En lugar de eso, apoyé la cabeza en él y olí su aroma, una mezcla de cuero oscuro y seda. Iba vestido con una camiseta de algodón negro que le quedaba ajustada en los hombros, pero el olor de la seda y el cuero todavía permanecían en él. También aprecié las trazas de incienso que siempre acompañaban a los vampiros. No había identificado aquel particular aroma hasta que empecé a vivir con Ivy, pero ahora podía distinguir con los ojos cerrados si Ivy o Kisten estaban en una habitación.
Aquellos aromas eran deliciosos, y aspiré profundamente, para permitir que las feromonas de vampiro que soltaba inconscientemente me calmasen, me relajasen. Aquello hacía más fácil encontrar una fuente de sangre. Kisten y yo no compartíamos la sangre. Yo no. Esta pequeña bruja no. Ni ahora ni nunca. El riesgo de convertirme en un juguetito, de que mi voluntad estuviese dominada por un vampiro, era demasiado real. Pero eso no significaba que no pudiese disfrutar de aquel suave colocón.

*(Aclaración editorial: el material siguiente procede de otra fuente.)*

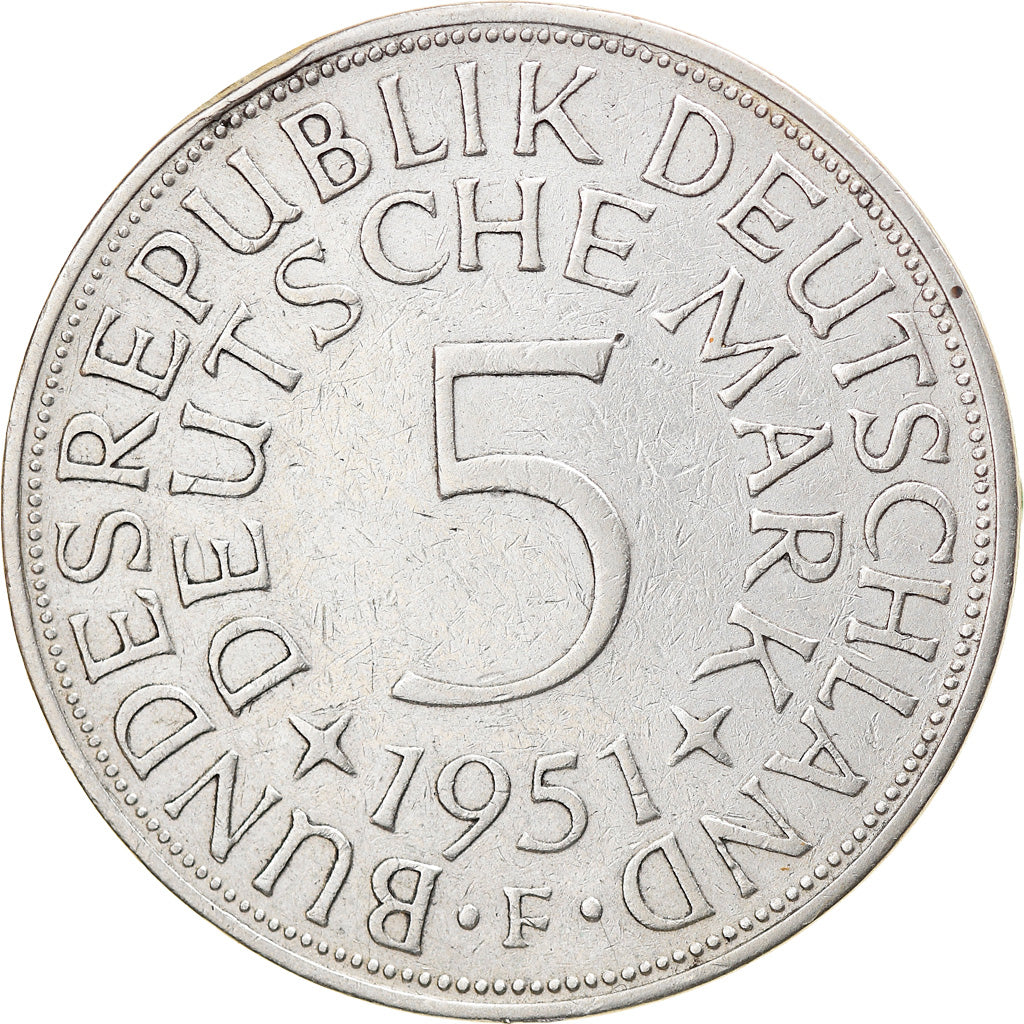 Coin, GERMANY - FEDERAL REPUBLIC, 5 Mark, 1951, Stuttgart, EF(40-45), Silver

Podía oír su latido, y me quedé pegada a él mientras sus dedos trazaban un caminito hacia la parte inferior de mi espalda. Apoyé la frente sobre su hombro, en un punto más bajo de lo habitual, ya que él iba calzado con sus botas y yo solo llevaba calcetines. El aliento que exhalaba hacía que mi pelo se moviese. Aquella sensación hizo que levantara la cabeza, y mi mirada se cruzó con sus ojos azules que surgían bajo su largo flequillo. En sus pupilas, del tamaño habitual, pude leer que había saciado su ansia de sangre antes de venir. Casi siempre lo hacía.
—Me gusta que huelas a tierra —me dijo, con los ojos entrecerrados.
Con una sonrisa, recorrí con la punta del dedo su áspera mejilla. Tenía una nariz diminuta, como la barbilla, y normalmente llevaba barba de tres días para mantener un aspecto más duro. Llevaba el pelo teñido de rubio, para ir a juego con su barba incipiente, aunque nunca lo había visto con raíces negras o usando un hechizo para colorearlo.